▶ [TASK OBJECTIVE]:
Print the whole listing again exactly, keeping no pictures in it.

▶ [AVAILABLE DATA]:
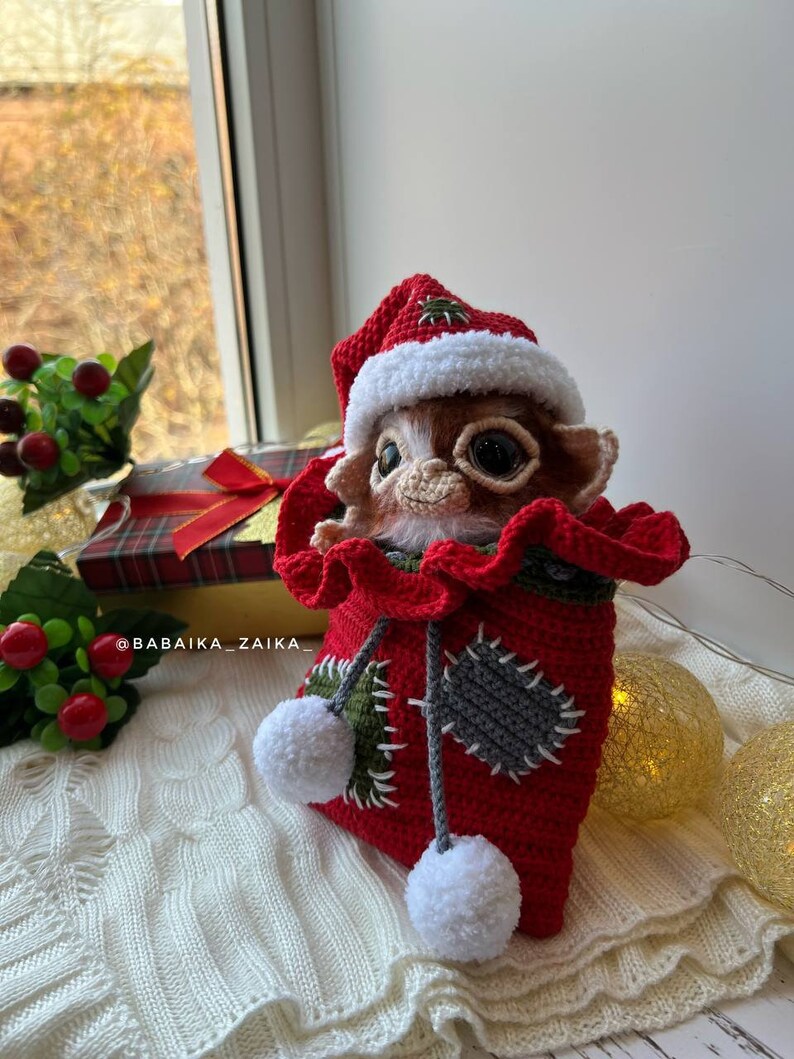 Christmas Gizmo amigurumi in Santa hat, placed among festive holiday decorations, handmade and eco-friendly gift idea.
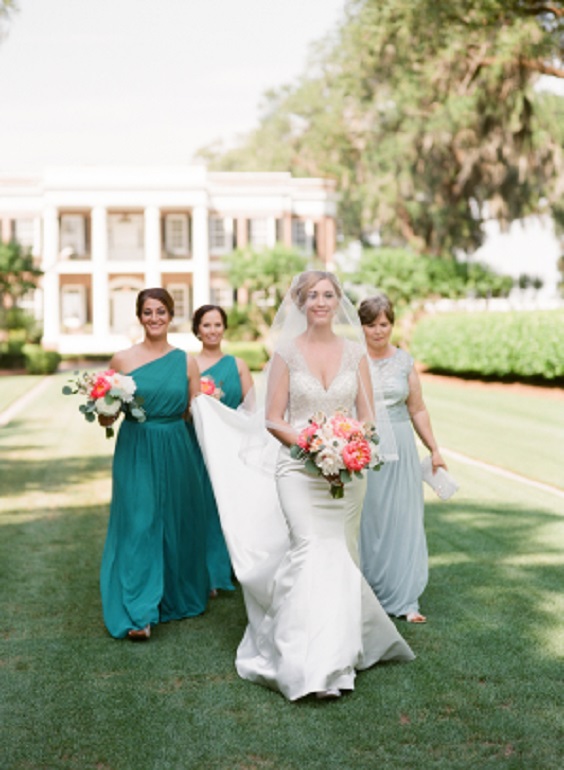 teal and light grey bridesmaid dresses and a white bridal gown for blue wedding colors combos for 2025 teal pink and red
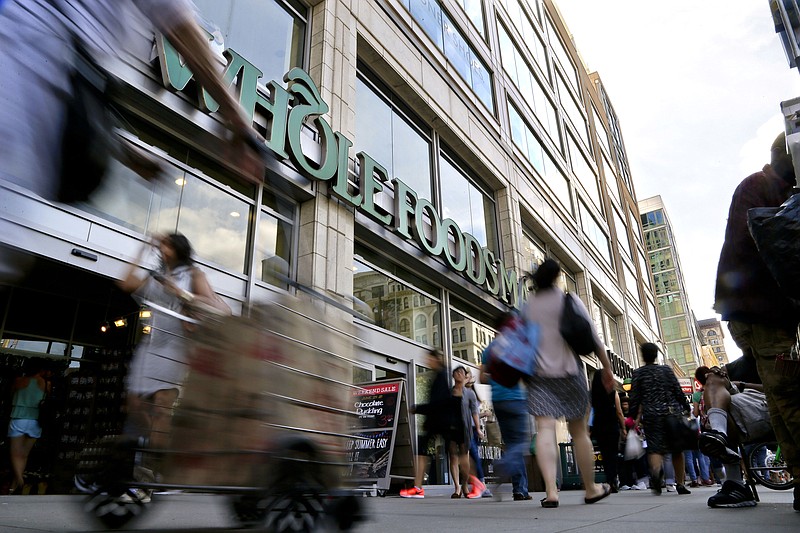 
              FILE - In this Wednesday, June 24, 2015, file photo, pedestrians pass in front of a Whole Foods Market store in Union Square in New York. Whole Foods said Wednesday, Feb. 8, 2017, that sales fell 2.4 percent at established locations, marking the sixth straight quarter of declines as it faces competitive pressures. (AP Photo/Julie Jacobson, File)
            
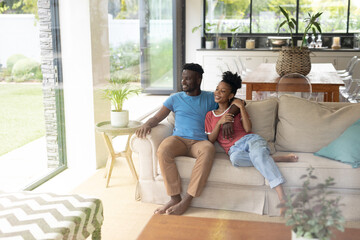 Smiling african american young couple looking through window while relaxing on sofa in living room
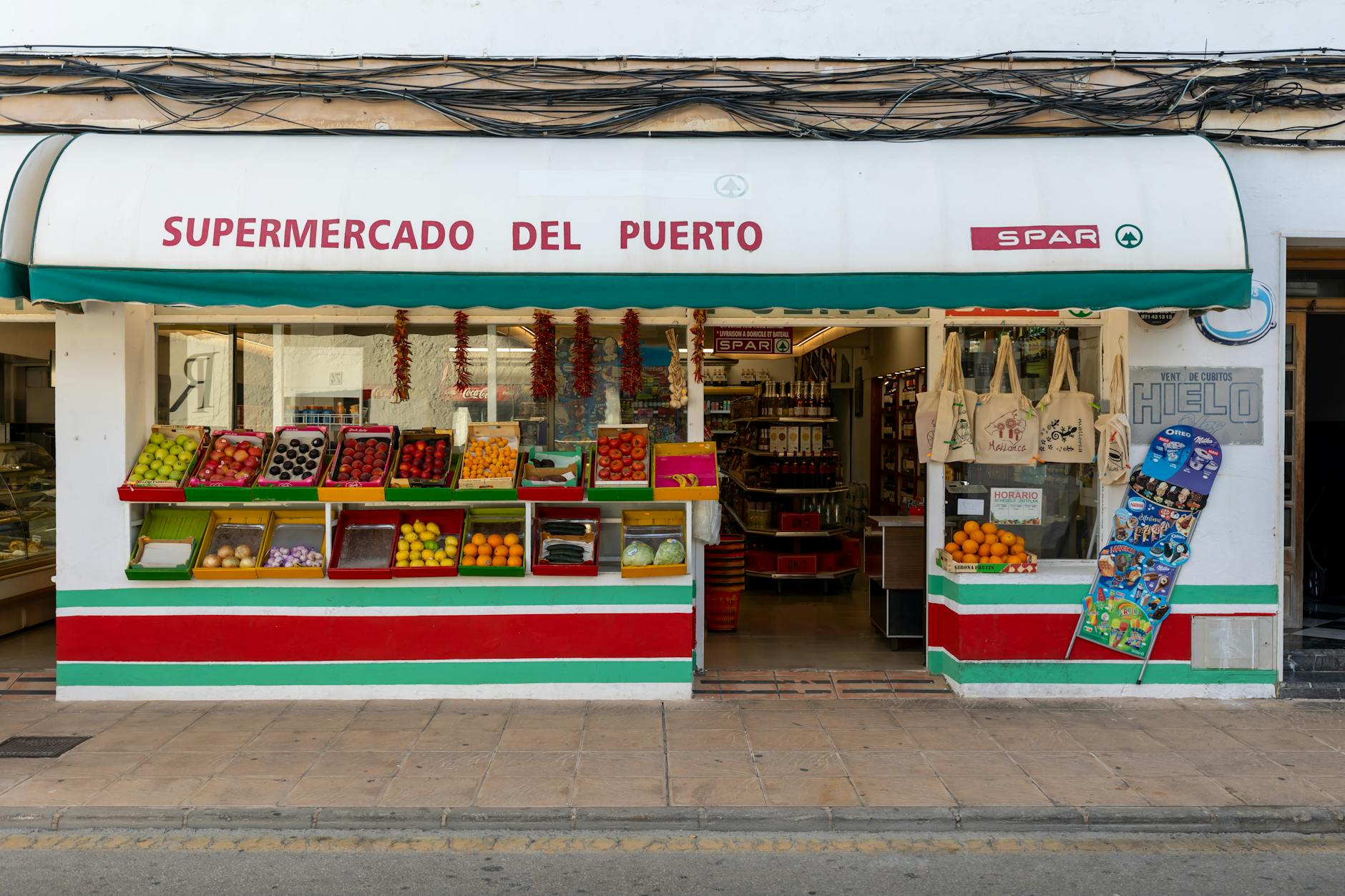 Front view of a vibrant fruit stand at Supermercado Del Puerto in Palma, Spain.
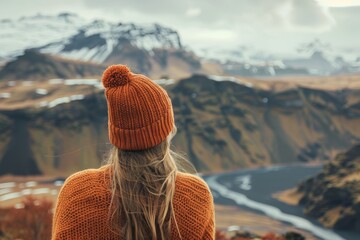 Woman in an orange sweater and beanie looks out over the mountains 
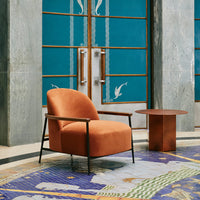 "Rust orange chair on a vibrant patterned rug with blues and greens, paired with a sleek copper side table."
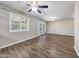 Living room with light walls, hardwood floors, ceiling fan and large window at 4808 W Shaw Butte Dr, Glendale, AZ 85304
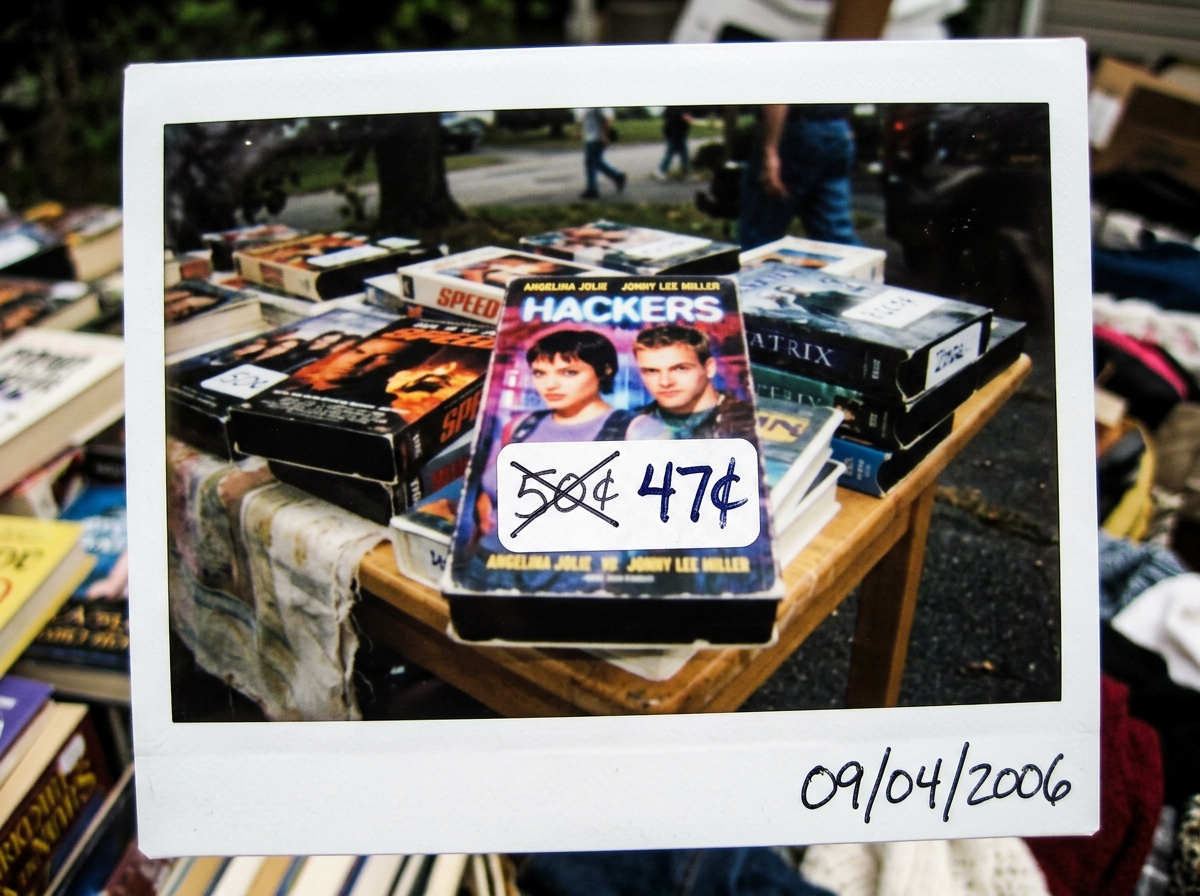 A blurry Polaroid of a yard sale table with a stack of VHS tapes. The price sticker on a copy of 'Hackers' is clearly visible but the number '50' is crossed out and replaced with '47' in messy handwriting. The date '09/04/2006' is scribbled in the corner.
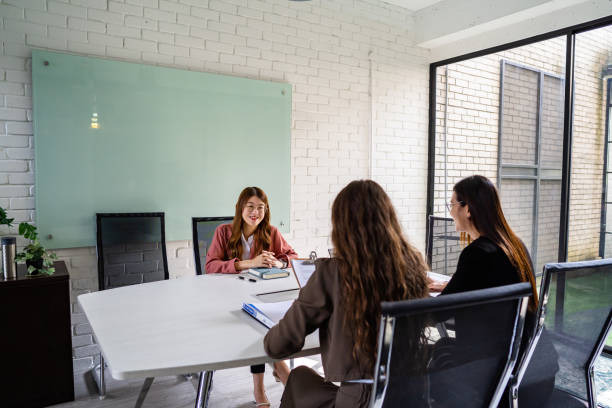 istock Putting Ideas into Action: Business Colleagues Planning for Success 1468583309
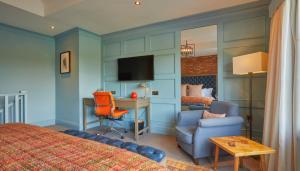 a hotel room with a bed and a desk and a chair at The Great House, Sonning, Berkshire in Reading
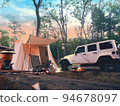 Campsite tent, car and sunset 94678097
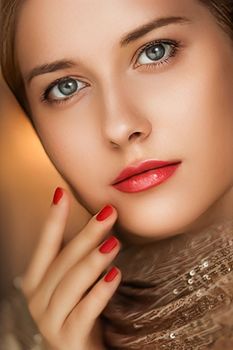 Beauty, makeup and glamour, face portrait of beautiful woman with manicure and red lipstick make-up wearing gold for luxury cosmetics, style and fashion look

▶ [WRITTEN ANSWER]:
 Christmas Gizmo amigurumi in Santa hat, placed among festive holiday decorations, handmade and eco-friendly gift idea.
 teal and light grey bridesmaid dresses and a white bridal gown for blue wedding colors combos for 2025 teal pink and red
              FILE - In this Wednesday, June 24, 2015, file photo, pedestrians pass in front of a Whole Foods Market store in Union Square in New York. Whole Foods said Wednesday, Feb. 8, 2017, that sales fell 2.4 percent at established locations, marking the sixth straight quarter of declines as it faces competitive pressures. (AP Photo/Julie Jacobson, File)
            
 Smiling african american young couple looking through window while relaxing on sofa in living room
 Front view of a vibrant fruit stand at Supermercado Del Puerto in Palma, Spain.
 Woman in an orange sweater and beanie looks out over the mountains 
 "Rust orange chair on a vibrant patterned rug with blues and greens, paired with a sleek copper side table."
 Living room with light walls, hardwood floors, ceiling fan and large window at 4808 W Shaw Butte Dr, Glendale, AZ 85304
 A blurry Polaroid of a yard sale table with a stack of VHS tapes. The price sticker on a copy of 'Hackers' is clearly visible but the number '50' is crossed out and replaced with '47' in messy handwriting. The date '09/04/2006' is scribbled in the corner.
 istock Putting Ideas into Action: Business Colleagues Planning for Success 1468583309
 a hotel room with a bed and a desk and a chair at The Great House, Sonning, Berkshire in Reading
 Campsite tent, car and sunset 94678097
 Beauty, makeup and glamour, face portrait of beautiful woman with manicure and red lipstick make-up wearing gold for luxury cosmetics, style and fashion look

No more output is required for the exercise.